Exercise goal - Range to output from the entries below: the line containing "Что будет если" through the line containing "Small Image of". Set it down exactly, ends included, nothing else.

Entries supplied -
=== Begin Enclosure ===

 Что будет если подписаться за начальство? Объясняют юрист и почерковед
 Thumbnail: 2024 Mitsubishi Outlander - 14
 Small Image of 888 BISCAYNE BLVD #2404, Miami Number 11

=== End Enclosure ===
=== Begin Enclosure ===

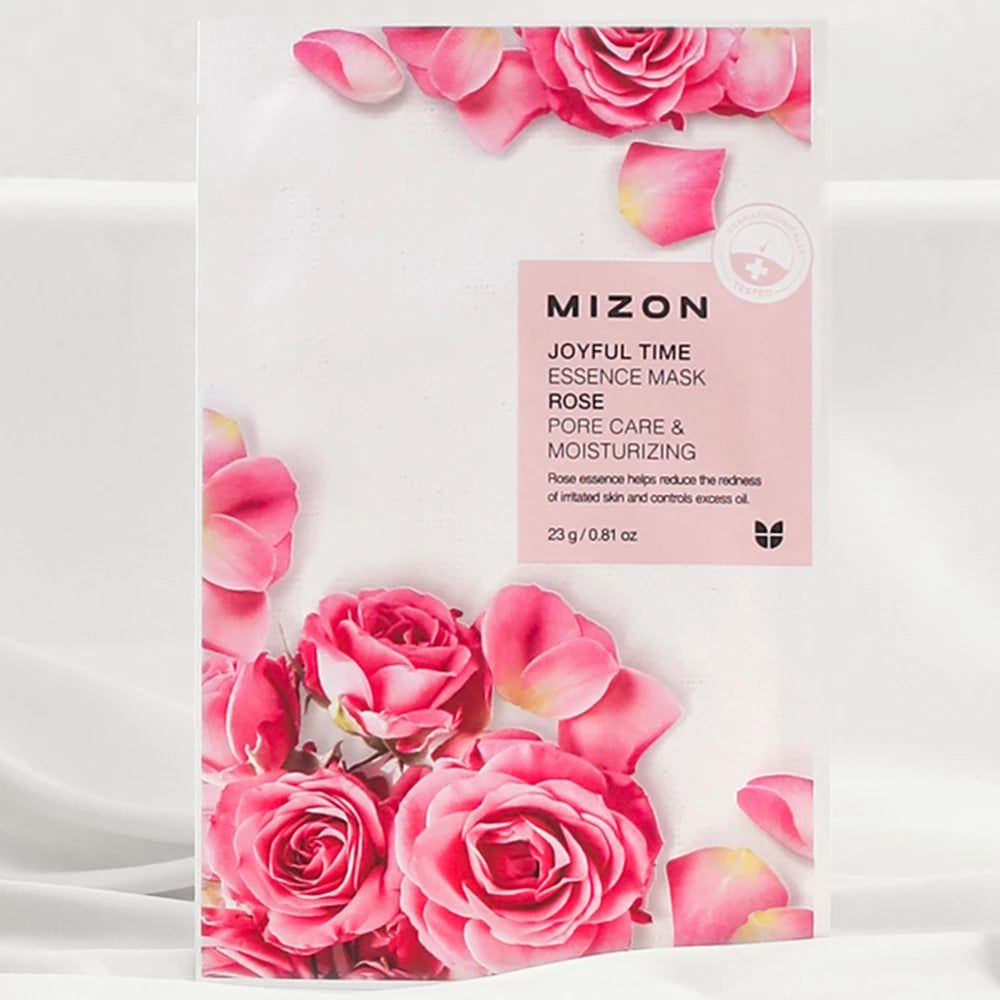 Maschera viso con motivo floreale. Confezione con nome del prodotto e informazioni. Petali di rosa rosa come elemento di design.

=== End Enclosure ===

Result below -
 Что будет если подписаться за начальство? Объясняют юрист и почерковед
 Thumbnail: 2024 Mitsubishi Outlander - 14
 Small Image of 888 BISCAYNE BLVD #2404, Miami Number 11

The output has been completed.